La question de la corruption

A mon avis, les dirigeants africains qu'on taxe d'être corrompus, hommes d'affaires ou dirigeants politiques, sont des petits enfants à côté de la corruption chinoise, indienne, russe, ou latino-américaine, ou des pays du Golfe. La corruption est un invariant dans les pays qui ont peu de tradition démocratique. Et où les corps intermédiaires exerçant un controle - syndicats, presse - sont faibles. A niveau de corruption égale, certains pays font 7 à 10 % de croissance tandis que d'autres font zéro de croissance. Il n'y a pas de rapport direct entre corruption et croissance, même si je ne nie pas le détournement de l'intérêt général. Les problèmes de gouvernance existent , mais dans ce domaine aussi la situation s'améliore à l'instar des autres paramètres.

"La corruption est un invariant dans les pays qui ont peu de tradition démocratique"
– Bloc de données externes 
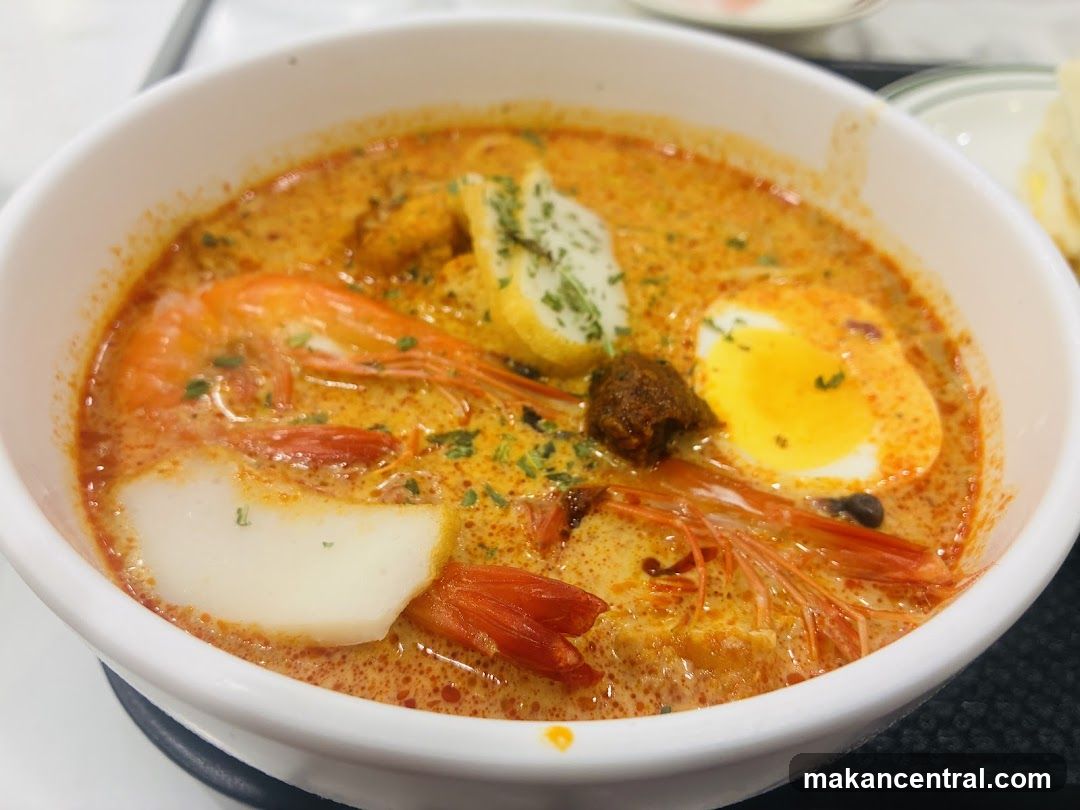 Laksa with Shrimp and Egg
Il y a des pays qui sont beaucoup plus intègres que d'autres, notamment les pays qui ont la chance, comme le mien ( NDLR : le Bénin), de ne pas avoir des ressources qui font la convoitise mondiale, et qui pour cette raison sont démocratiques.

Ils n'ont pas de diamant, de cuivre, de fer, de pétrole et c'est une immense chance. Ils doivent miser sur leurs travailleurs qualifiés. Ce qui pose la question du développement de formations d'excellences à grande vitesse et à très grande ampleur du développement de l'entrepreneuriat

Bio Express
Lionel Zinsou était président du fonds d 'investissement PAI Partners jusqu'à être nommé le 18 juin premier ministre du Bénin. Né d'un père originaire du Bénin, médecin de Leopol Sédar Senghor et d'une mère française, Lionel Zinsou est normalien et agrégé de sciences économiques, diplômé de Sciences-Po et de la London School of Economics. Il a été la plume à Matignon de Laurent Fabius. Après avoir travaillé chez BSN, Lionel Zinsou a été associé gérant de Rothschild Cie. Il préside la fondation AfricaFrance chargé de relancer les relations économiques entre la France et l'Afrique.